Então, voltei a realidade, só aí olhei para as grandes janelas do aeroporto, e apesar de ainda estarmos no meio da tarde, estava muito escuro lá fora, parecia que a noite havia chegado mais cedo, com a luz do sol bloqueada pelas pesadas nuvens cor de chumbo, e logo em seguida a chuva torrencial começou a desabar com um forte estrondo, formando uma espessa cortina de água diante de nós, e relâmpagos cortavam e iluminavam o céu, seguidos pelos fortes rugidos dos trovões. Pisquei meus olhos, várias vezes, diante daquela visão, como se esperasse que desaparecesse de repente, tal qual um pesadelo.

— Todos os voos estão atrasados por causa da tempestade – a senhora me informou, com um forte suspiro de resignação.

Sem acreditar que aquilo estivesse acontecendo comigo, ergui os meus olhos para o painel que avisava as chegadas e partidas dos voos e, para a minha total desilusão, descobri que ela dizia a verdade. Todos os voos estavam atrasados ou haviam sido cancelados.

— Eu preciso voltar para casa!

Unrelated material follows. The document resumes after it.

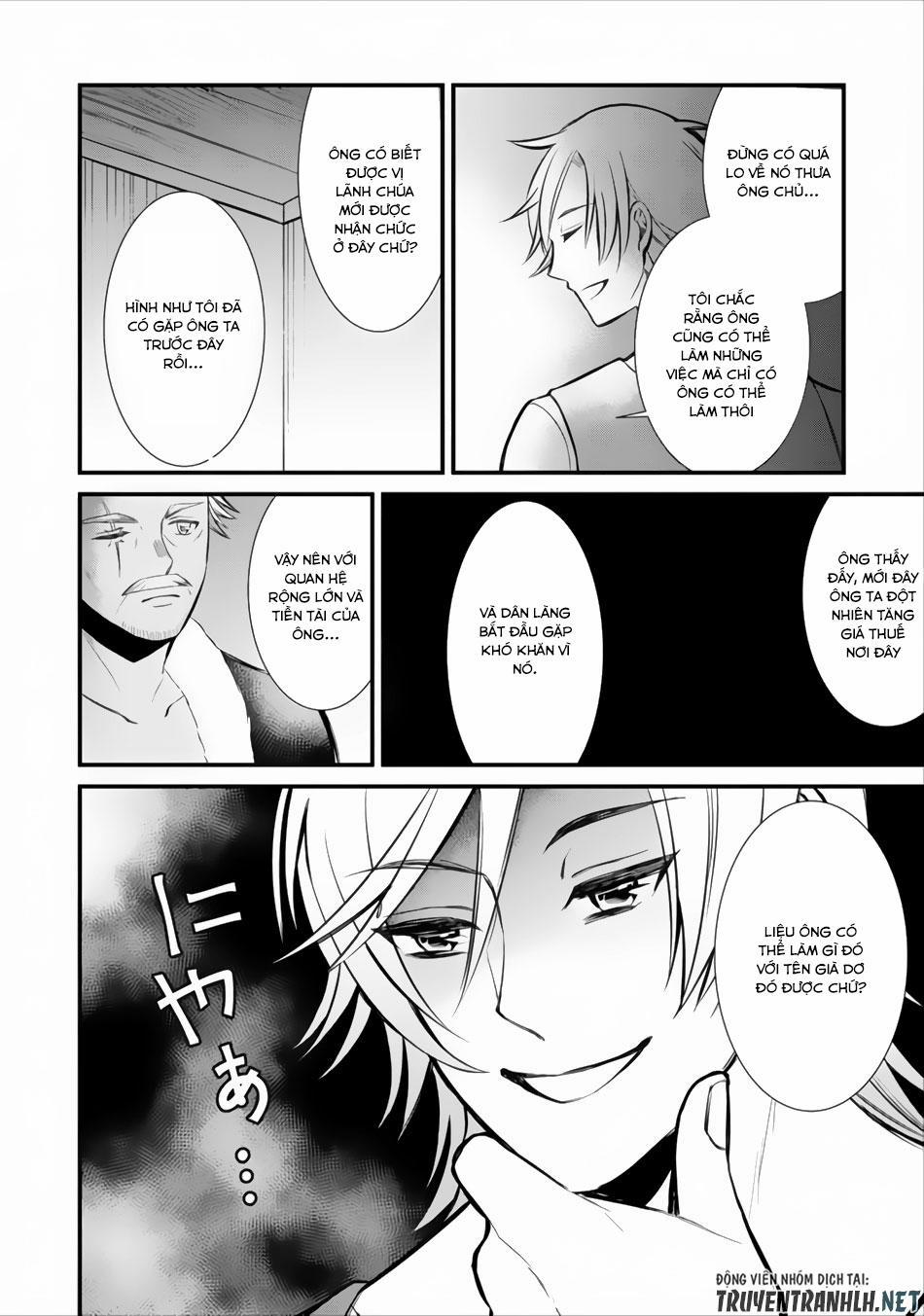 Murabito Tensei: Saikyou No Slow Life 2 trang 24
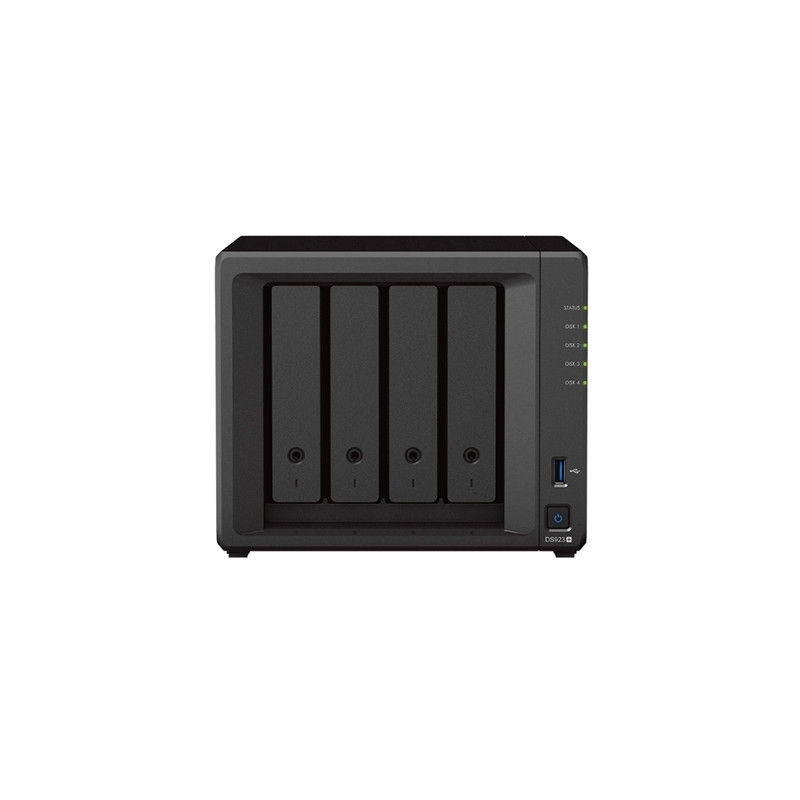 pSYNOLOGY/p ds923_ NAS SYNOLOGY DS923+ X 4HD/SSD 3.5"/2.5"SATA NO HD2-C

Eu preciso sair daqui, agora! – Disse, aflita, tentando impedir as lágrimas de angústia que brotavam dos meus olhos, meu coração voltou a acelerar.

— Querida, não podemos sair, temos que esperar a liberação dos voos – ela repetiu, pacientemente, com se eu fosse uma criancinha.

 – A senhora não entende... – falei um pouco mais exaltada, quase em pânico, ela me fitou assustada. – Eu preciso voltar para o meu país, para a minha casa, para o meu noivo, imediatamente, antes que aconteça um desastre.

— Você está muito nervosa, minha querida. Não há nada a fazer a não ser esperar que o tempo melhore – ela rebateu com calma. – Quer tomar um chá comigo?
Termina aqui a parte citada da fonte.